Aim of the exercise: A stretch of the entries below is to be set down exactly, running from the line with "Рюкзак Deuter Trans Alpine 28 SL black" through the line with "Backuptrans iPhone SMS", both included, and no other line.

** Opening The data block **

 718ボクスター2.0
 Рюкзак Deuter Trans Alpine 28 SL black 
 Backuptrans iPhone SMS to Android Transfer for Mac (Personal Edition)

** Closing The data block **
** Opening The data block **

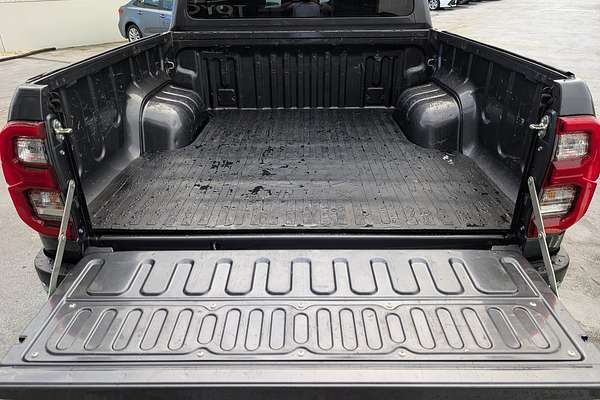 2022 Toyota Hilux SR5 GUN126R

** Closing The data block **

Answer area:
 Рюкзак Deuter Trans Alpine 28 SL black 
 Backuptrans iPhone SMS to Android Transfer for Mac (Personal Edition)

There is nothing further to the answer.